Exemplar é o poema “Noutros lugares” (21/01/67), de Peregrinatio ad loca infecta (1969), que se constrói a partir de sugestões e percepções do tempo, da mudança, da transitoriedade, elaborado num discurso que ao mesmo tempo afirma e duvida (“Os outros passam, tocam-se, separam-se,/ exactamente como dantes. Mas/ aonde e como? Aonde e como? Quando?”). Por isso, podemos dizer que ele se compõe na chave do ensaio, num modo de escrita que conjuga a tentativa arriscada e o conhecimento seguro, o comentário despretensioso e a sugestão grave.

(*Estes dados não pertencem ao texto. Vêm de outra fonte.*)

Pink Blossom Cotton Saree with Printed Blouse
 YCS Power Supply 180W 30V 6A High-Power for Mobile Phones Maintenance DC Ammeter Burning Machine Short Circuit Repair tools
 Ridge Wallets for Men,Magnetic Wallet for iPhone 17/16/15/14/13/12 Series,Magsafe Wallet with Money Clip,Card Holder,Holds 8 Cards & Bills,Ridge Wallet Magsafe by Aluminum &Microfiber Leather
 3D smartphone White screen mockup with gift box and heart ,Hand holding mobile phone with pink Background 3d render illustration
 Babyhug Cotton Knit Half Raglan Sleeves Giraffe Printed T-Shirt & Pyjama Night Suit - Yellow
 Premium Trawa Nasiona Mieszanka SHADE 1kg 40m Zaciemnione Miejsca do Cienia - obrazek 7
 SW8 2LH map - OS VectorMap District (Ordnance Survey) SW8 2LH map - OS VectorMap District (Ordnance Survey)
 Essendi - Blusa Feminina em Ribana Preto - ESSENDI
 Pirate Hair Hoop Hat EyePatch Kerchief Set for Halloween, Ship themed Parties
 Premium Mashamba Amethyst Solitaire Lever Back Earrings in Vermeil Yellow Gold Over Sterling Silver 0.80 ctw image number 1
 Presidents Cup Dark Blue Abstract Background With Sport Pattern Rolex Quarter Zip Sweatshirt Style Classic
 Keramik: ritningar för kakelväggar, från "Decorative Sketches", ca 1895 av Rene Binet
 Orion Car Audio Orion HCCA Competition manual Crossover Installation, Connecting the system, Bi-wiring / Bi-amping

Essa construção pendular articula uma sucessão de negativas (“Não é que ser possível…”; “Não é que passem as pessoas…”; “Nem é também…”) e de assertivas (“É que os lugares acabam.”; “É que as maneiras, modos, circunstâncias…”), desenvolvendo-se de modo dialético. As negativas são atravessadas por verbos no futuro do pretérito ou no pretérito imperfeito (daria, faríamos, tínhamos, víamos), marcados pela incompletude, ao passo que as afirmativas surgem com verbos no presente, mas um presente que atualiza a ação acabada, numa possível acumulação que indicia justamente perdas repetidas (“os lugares acabam”, “as pessoas somem”, “desertas ficam as praias”, “as ruas rasgam”). Essas alternâncias, constituintes do tom reflexivo do poema, encontram seu ápice nas interrogativas, na inquirição profunda dos vários espaços (“Aonde e como?”; “Em que praias, que ruas, casas, quais leitos”), motivando a intervenção do sujeito poético, explicitamente assumido na expressão angustiada de um “não sei”. E é este “não saber” que reafirma o “apenas sei” da percepção algo melancólica de que “as circunstâncias mudam e os lugares acabam”. Assim, nos derradeiros versos, o processo meditativo conduz não apenas à questão da transitoriedade e deslocamento nos espaços, mas principalmente ao medo, sugerido a partir do pensar que a vida seja “um hábito quebrado que se não reata,/ senão noutros lugares que não conheço.” Particularmente significativas são as últimas palavras do poema, pois o que vemos ao longo dos versos é a afirmação reiterada de uma verdade assumida (“os lugares acabam”), e o não conhecer “outros lugares” em que a vida se possa reatar faz emergir a insuficiência do saber para se alcançar uma ressignificação da vida — o que sugere uma solidão infernal, porque proveniente de “tudo ser igual doutra maneira”, uma espécie de eterno retorno do mesmo.